Fundamentals of Social Statistics by Adam J. McKee

Perhaps the most basic element of social scientific inquiry is the search for cause and effect relationships.  That is, for one reason or another, we want to be able to explain why some phenomenon (usually a human behavior) happens.  Of course, our reverence and respect for the scientific method cause complications.  Social scientists tend to avoid the terms “cause and effect” and prefer to talk about the Independent Variable (IV) and Dependent Variable (DV), or we simply say that the two (or more) variables of interest are “correlated.”
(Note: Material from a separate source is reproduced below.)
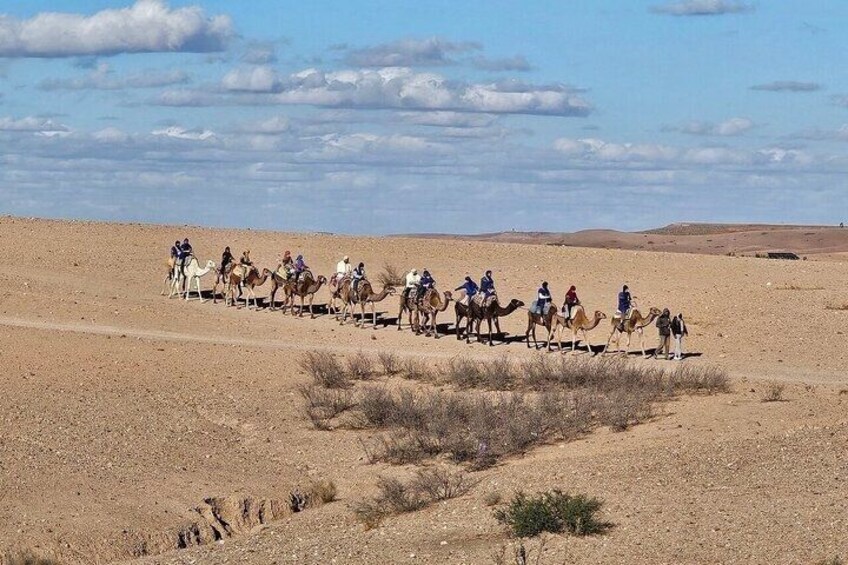 A group of people riding camels in a desert landscape. 5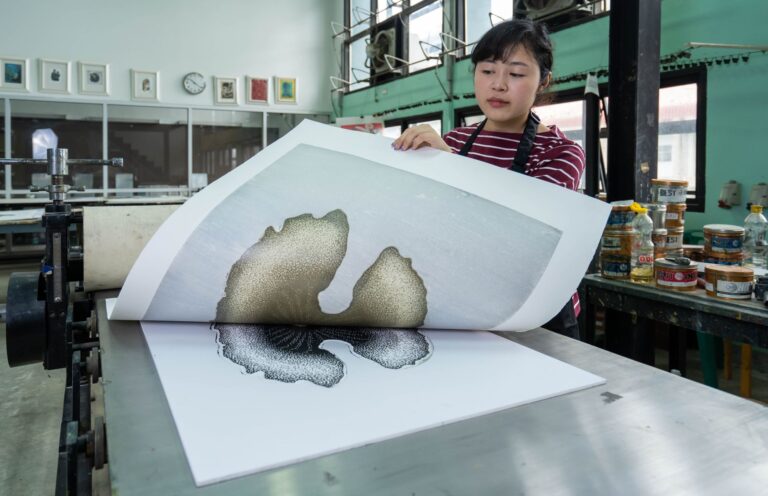 Wide-format banners and posters being produced in a professional large format print studio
Let us for a few moments consider something of a philosophical abstraction:  What does it take to make a causal statement that social scientists can respect as rigorous and valid?  The most common way to talk about these things is to symbolize the thing doing the causing (the IV) as “X.”  The thing being caused (the DV) is symbolized as “Y.”  While the average researcher wouldn’t be so crass as to come out and say it, the point of the researcher’s efforts is to demonstrate that X causes Y.  For this statement to meet social scientific rigor, we must demonstrate temporal precedence.   Temporal precedence is just a $64,000 word meaning that X comes before (precedes) Y in time.  This is a built-in element of a true experiment:  The researcher knows the cause (“treatment” in an experiment) comes before the outcome that is measured (the DV) because the treatment was manipulated by the researcher.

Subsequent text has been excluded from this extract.